**Task to carry out**
Pictures in the material below are to be left out, and only the lines from the line with "Claroscuro - El Viaje De Una Vida" up to and including the line with "周侗的七个徒弟（周侗的七个徒弟互相认识吗）" are to be written out exactly.

**Source material**
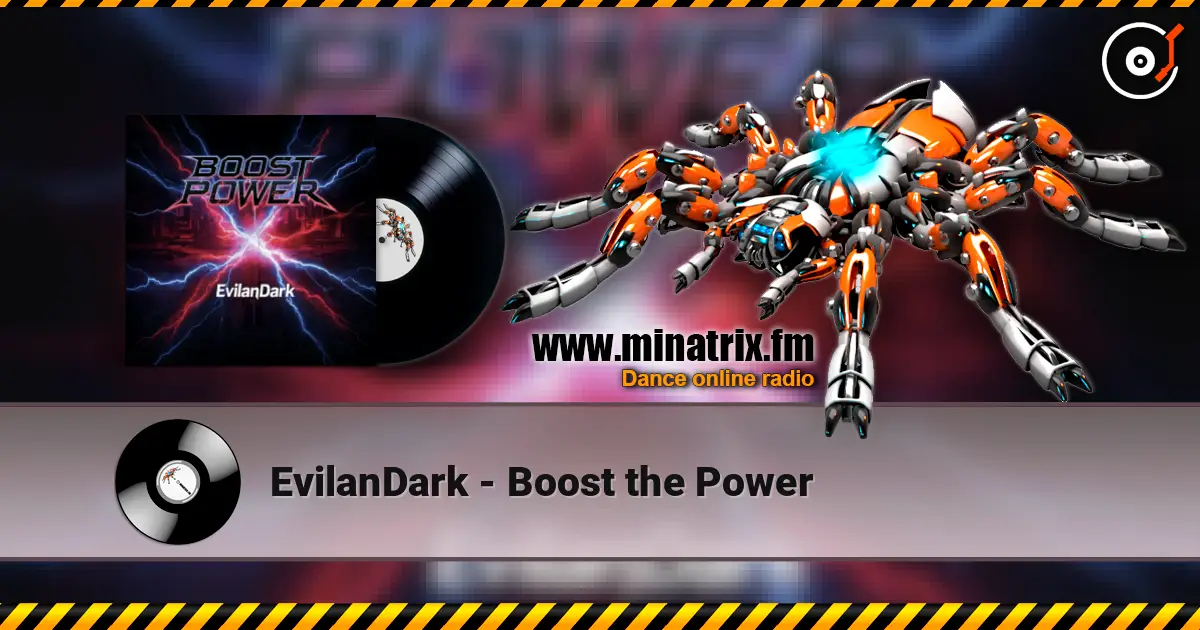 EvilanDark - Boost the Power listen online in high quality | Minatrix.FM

...

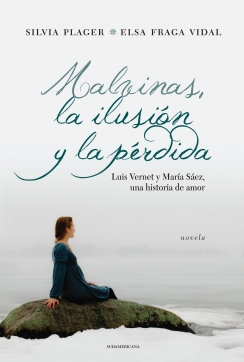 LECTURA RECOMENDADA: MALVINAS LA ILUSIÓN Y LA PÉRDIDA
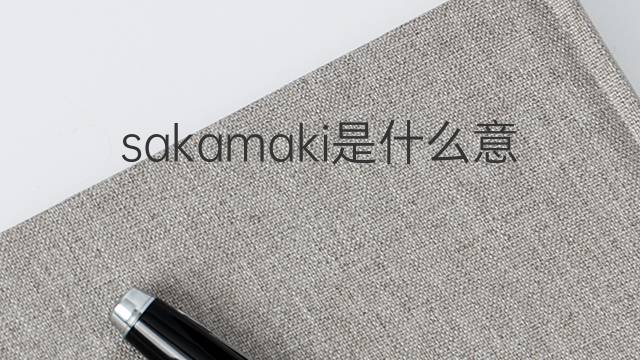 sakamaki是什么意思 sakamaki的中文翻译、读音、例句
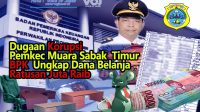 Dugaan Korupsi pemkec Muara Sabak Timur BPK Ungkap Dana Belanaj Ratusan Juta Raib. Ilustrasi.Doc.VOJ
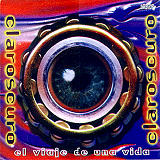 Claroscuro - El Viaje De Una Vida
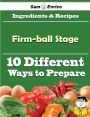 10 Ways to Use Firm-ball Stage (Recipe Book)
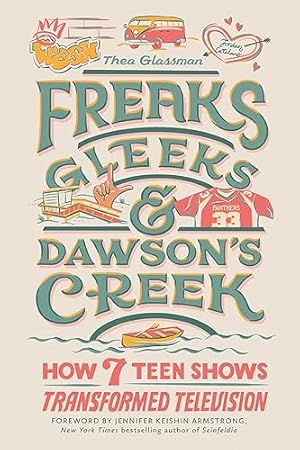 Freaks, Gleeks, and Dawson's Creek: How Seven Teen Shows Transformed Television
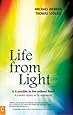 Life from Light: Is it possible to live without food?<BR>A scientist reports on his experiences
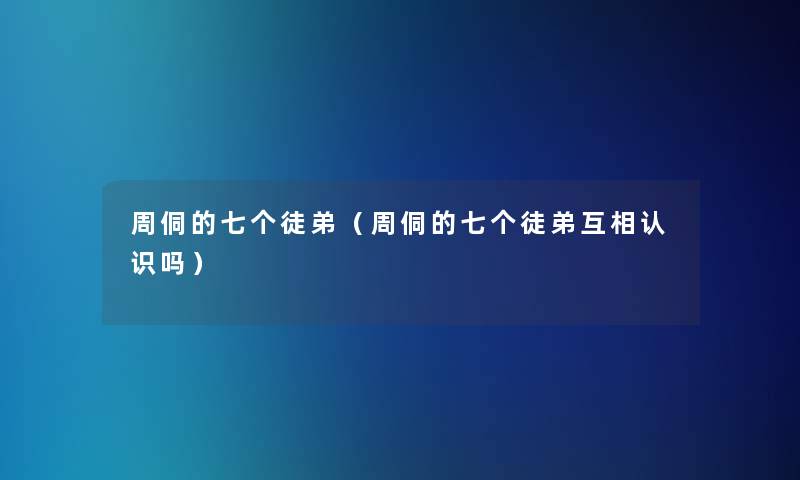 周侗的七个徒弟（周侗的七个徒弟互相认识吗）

---

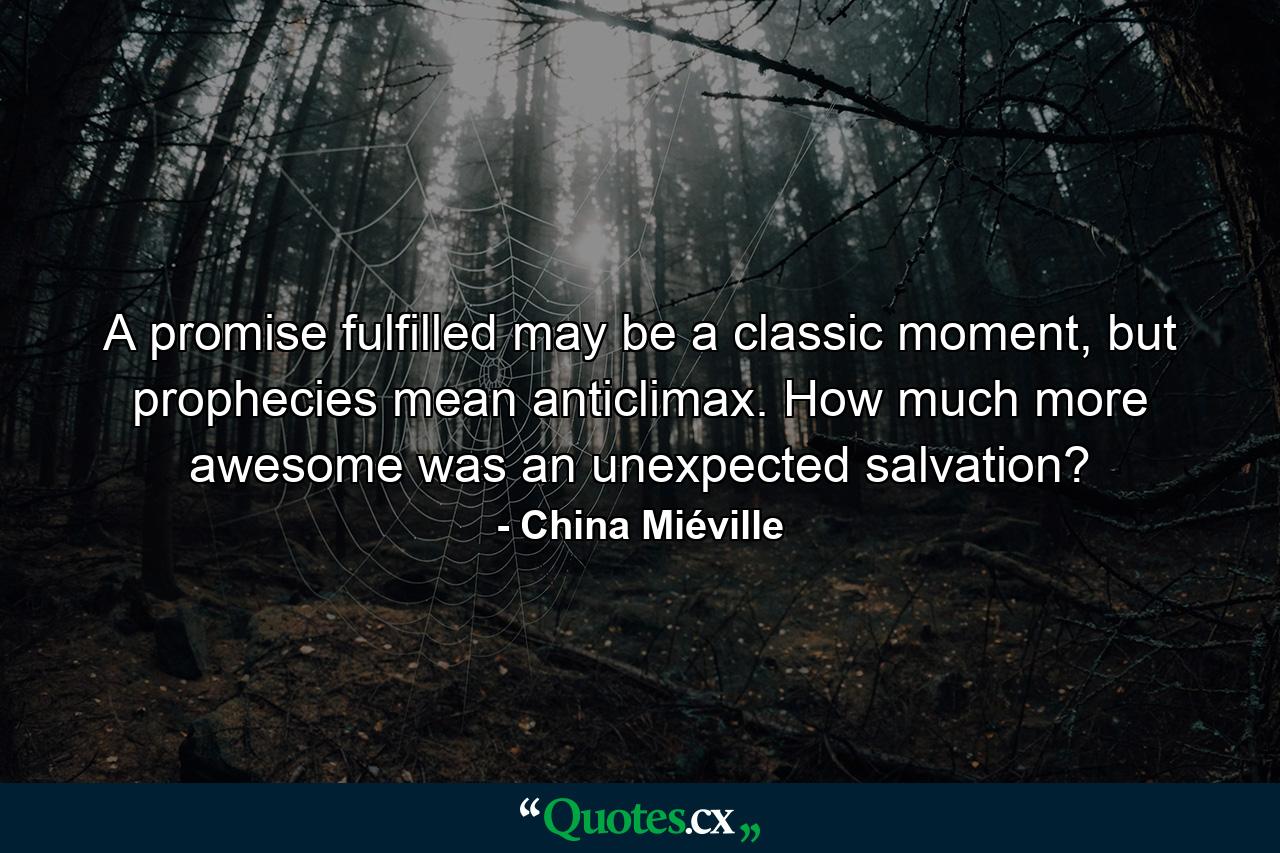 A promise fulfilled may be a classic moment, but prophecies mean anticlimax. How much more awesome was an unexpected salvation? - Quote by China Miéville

**Written answer**
 Claroscuro - El Viaje De Una Vida
 10 Ways to Use Firm-ball Stage (Recipe Book)
 Freaks, Gleeks, and Dawson's Creek: How Seven Teen Shows Transformed Television
 Life from Light: Is it possible to live without food?<BR>A scientist reports on his experiences
 周侗的七个徒弟（周侗的七个徒弟互相认识吗）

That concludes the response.